30 C
Medan
Monday, July 1, 2024

Warga Bangkok Berebut Pintu Air

BANGKOK – Bencana banjir yang melanda Thailand memantik sejumlah konflik di ibu kota. Kemarin (31/10), sekitar 300 penduduk Kota Bangkok berunjuk rasa. Mereka mengeluhkan kebijakan pemerintah yang tidak adil. Sebab, demi menyelamatkan kompleks pemerintahan dan pusat kota, pemerintah mengorbankan permukiman warga.

Kebijakan yang membuat warga Bangkok di wilayah pinggiran mengalami dampak paling parah tersebut jelas memantik amarah. Karena itu, kemarin mereka memprotes pemerintahan Perdana Menteri (PM) Yingluck Shinawatra. Mereka menganggap pemerintah sengaja mengorbankan rakyat kecil demi menyelamatkan pusat kota dari genangan air banjir.
Kemarin para penduduk Khlong Sam Wa memblokade dua jalan raya utama yang menghubungkan distrik mereka dengan ibu kota. Ini merupakan protes hari kedua yang mereka lakukan untuk mengetuk hati nurani pemerintah. “Rumah saya sudah terendam air banjir dua bulan dan dalam dua pekan terakhir, kondisinya semakin memprihatinkan,” kata Samorn Sohwiset, penduduk Khlong Sam Wa.

Di dekat pria 43 tahun itu berdiri seorang pemuda yang sibuk menggali tanah di sekitar pintu air.
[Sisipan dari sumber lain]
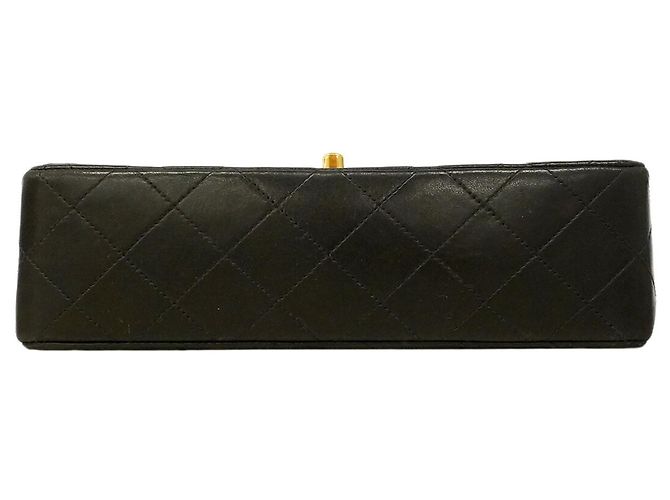 Borsa a tracolla Chanel Matelassé in pelle d'agnello nera Nero - vista 3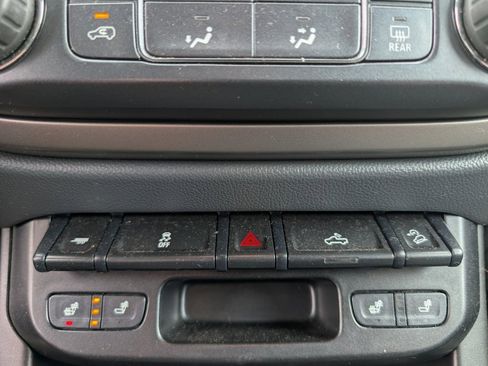 Used 2018 Chevrolet Colorado Z71 image 16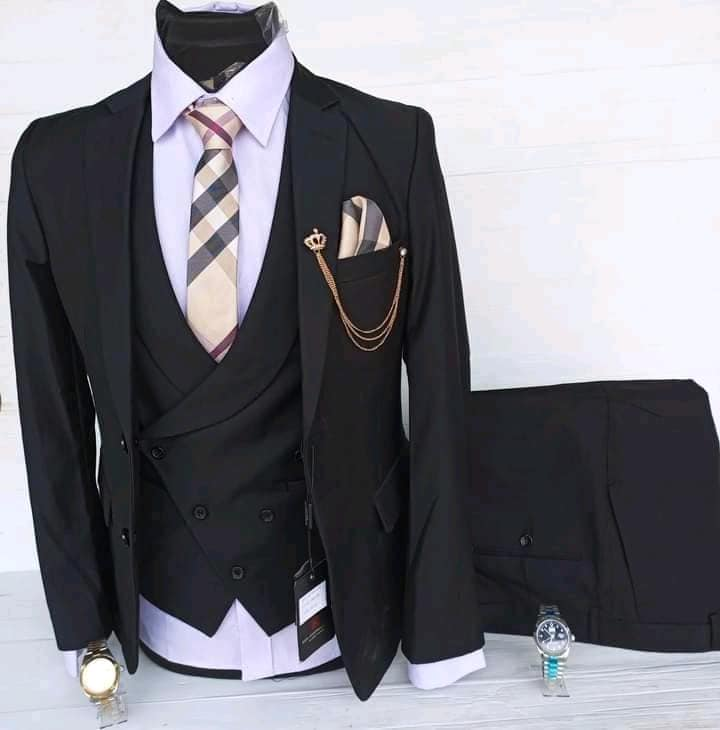 Suit noir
Dia berusaha keras membuat saluran irigasi di dekat pintu air. Dia berharap saluran irigasi buatannya bisa mengalirkan air ke distrik lain yang dia sebut sebagai lingkungan orang-orang kaya. Dengan demikian, luapan air dari Sungai Chao Phraya tak hanya mengalir ke Khlong Sam Wa saja.

Warga yang jumlahnya berkisar 300 orang itu menuntut pemerintah membuka maksimal pintu air di sebelah timur laut. Tepatnya, pintu air yang berada di Distrik Khlong Sam Wa. Dengan demikian, air yang menggenangi permukiman warga bisa segera surut. Para pengunjuk rasa, termasuk Samorn, bertekad akan tetap menduduki dua jalan raya utama itu sampai pemerintah mengabulkan tuntutan mereka.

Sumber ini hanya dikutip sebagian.